• Your goal:
Without pictures, output exactly the lines running from the line containing "Main photo of" to the end of the listing below.

══════

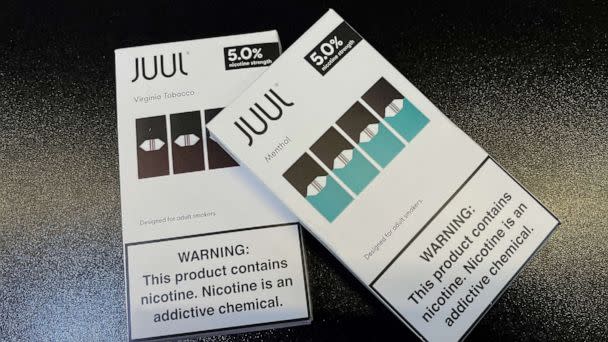 PHOTO: Juul e-cigarettes are seen on the counter of a vape store in Santa Monica, Calif., June 23, 2022.  (Lucy Nicholson/Reuters, FILE)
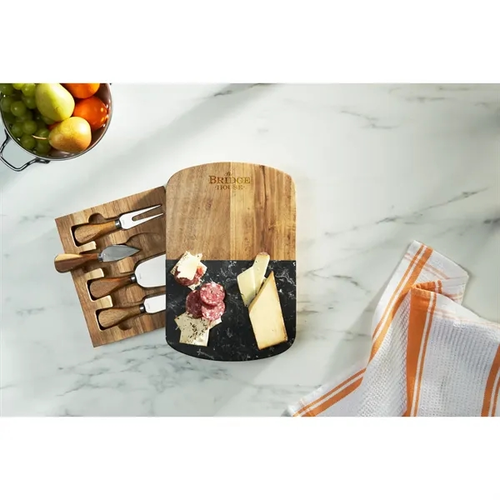 Main photo of Black Marble Cheese Board Set With Knives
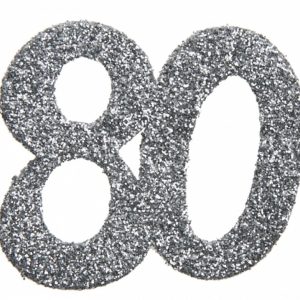Konfetti silver 80 år, 6-pack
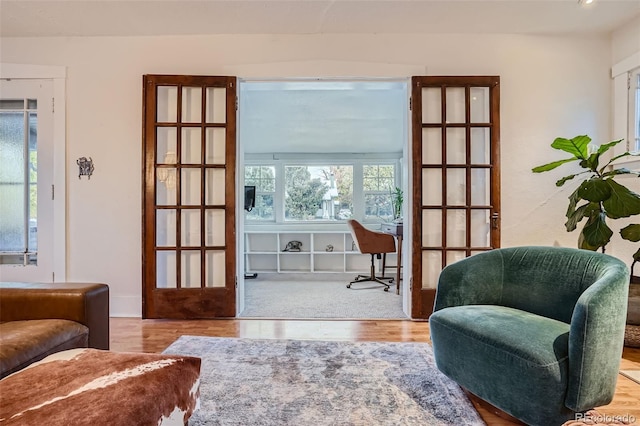 living area with light hardwood / wood-style flooring, french doors, and plenty of natural light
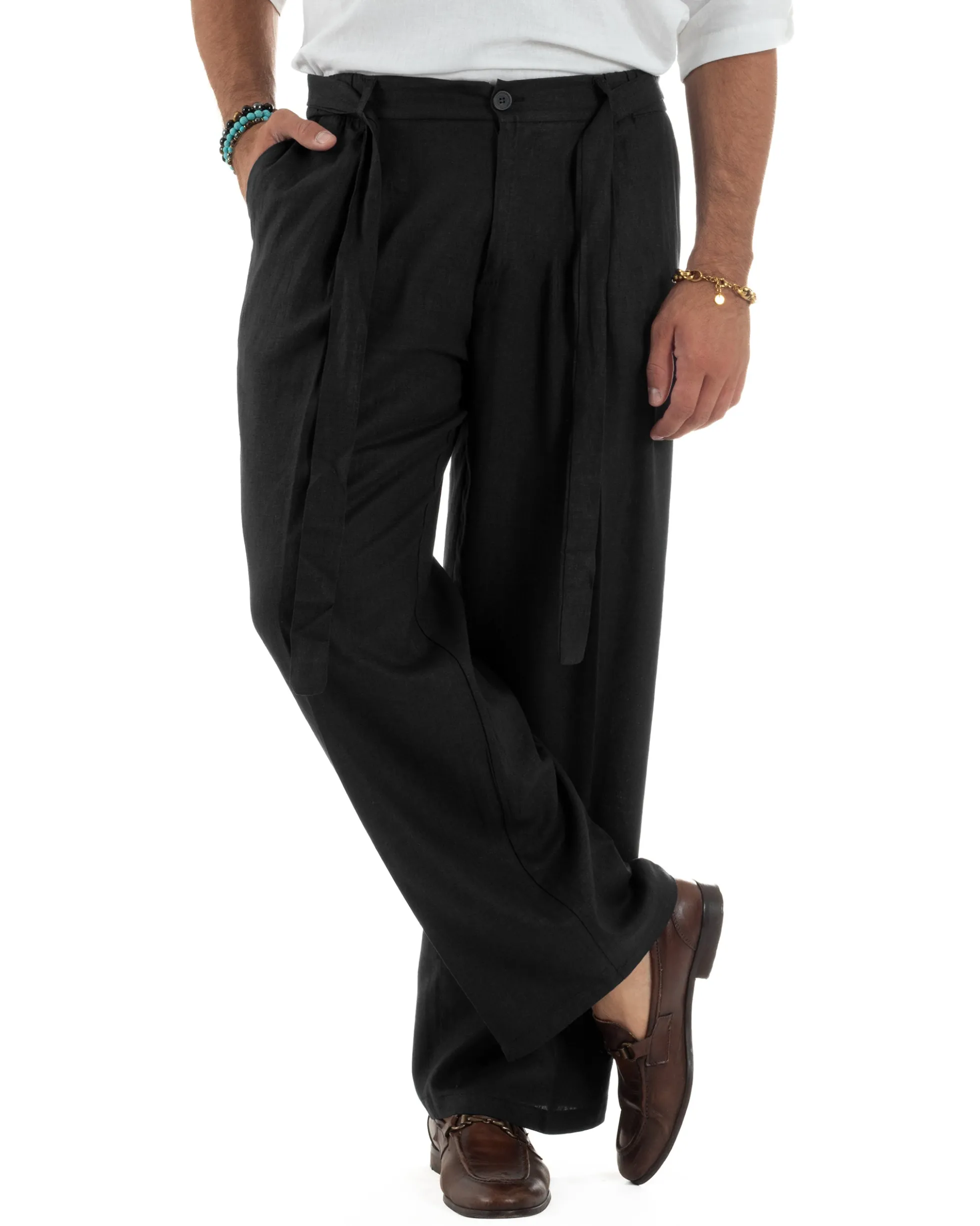 Pantaloni lino uomo baggy fit fondo ampio cintura nero GIOSAL-P6317A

══════

• Expected output:
 Main photo of Black Marble Cheese Board Set With Knives
Konfetti silver 80 år, 6-pack
 living area with light hardwood / wood-style flooring, french doors, and plenty of natural light
 Pantaloni lino uomo baggy fit fondo ampio cintura nero GIOSAL-P6317A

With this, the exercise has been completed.